Escaping the Black Box

When was the last time your professor sent you back an essay or test with comments? It most likely wasn't when you received your most recent final paper or exam. How often has your culminating examination resulted in a submission to the simple black box of a final grade? Lacking the insight of a final assessment, I have often felt my experience in a class was summarized simply by its contribution to my GPA. I firmly believe that our education should extend beyond the written assessment, to the interaction with the Academy. The decision of the institution to deny us an assessment and critique is a travesty of the liberal arts education.

One of Dartmouth's points of pride is that we offer an education, rather than a certificate. The emphasis of this college is to teach, not to research, and every time an essay is ungraded or the comprehensive result of a test is denied to a student, this principle is undermined; at stake is the integrity of the institution itself. At the end of each term of our collegiate careers we do not receive the academic attention that Dartmouth prides itself upon.

The primacy of grades over assessment is a fault of institutional pressures to turn in grades and of our willingness to comply with this educational omission, in favor of administrative efficiency.

At Dartmouth, we have a major disconnect between our education and our assessment. The common practice at Dartmouth seems to be to prize grades over intellectual achievement. Maybe our professors feel overworked, having graded a series of essays and tests over the course of the term, and during the finals period, there is therefore less of an emphasis on providing coherent material back to the student. Maybe there is not enough time between terms to prepare for an incoming course. Or even worse, maybe professors feel that, having supplied an apt grade, they have fully satisfied their responsibilities.

I know several peers who have submitted requests for a final assessment to be returned, only to be ignored. Some professors have had the decency to blitz an explanation of their reasoning for not returning final exams: finals are sometimes retained in order to curb academic violations. Yet this restraint is as much a restraint for would-be-violators as it is for students intent on maximizing their education.

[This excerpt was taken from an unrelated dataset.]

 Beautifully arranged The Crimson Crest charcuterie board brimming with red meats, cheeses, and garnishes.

Here is the crux of the problem: Is Dartmouth College an administration, or an education? Are we here for the certification or enhancement of our intellects? What is the purpose of the interdisciplinary requirements? What is the purpose of the major? Is it designed to certify an education in a particular academic field of study, or to actually enhance our engagement with the world through a concentrated lens?

We are here at Dartmouth to learn. Indeed, our grades signal the completion of a course. Yet the papers and tests we write are not just contributions to our GPA, but confessions of what we have learned and what we are able to communicate. Obviously, the emphasis on learning is frustrated by the time and intellectual constraints of assessment, but this does not mean we should lose sight of why we're here.

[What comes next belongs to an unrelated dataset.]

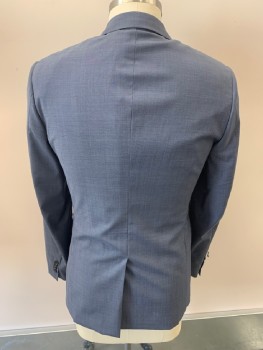 Mens, Sportcoat/Blazer, THEORY, French Blue, Wool, Polyester, Heathered, 42L, Notched Lapel, Single Breasted, B.F., 3 Pckts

Such a sin of omission can be explained quite reasonably. After the strenuous intellectual engagement of finals, we are satisfied by the release, in the form of a final paper or test, and we are glad to be done with pencils and books. We do not wish to engage further with the material due to exhaustion or apathy. While understandable, this attitude is fundamentally counterproductive to our liberal arts education.

I am not asking for professors to be babysitters. Instead, I am asking for an emphasis on an education that reflects the ideal value of culminating coursework as a contribution to our critical and intellectual growth.

I do certainly hope that, someday, the attention a professor gives to a student's final is as comprehensive as the attention he gives to any other portion of the course. At the least, I find it ironic that the culminating assessment of a student's education is reduced to the "black box" of a final grade, whereas the class itself is designed to develop a deeper critical understanding of the material.

I hope that the pride in our intensive education will overcome the institutionalized reticence and apathy that hinder our academic goals. At stake is the primacy of Dartmouth College as an education rather than a certification.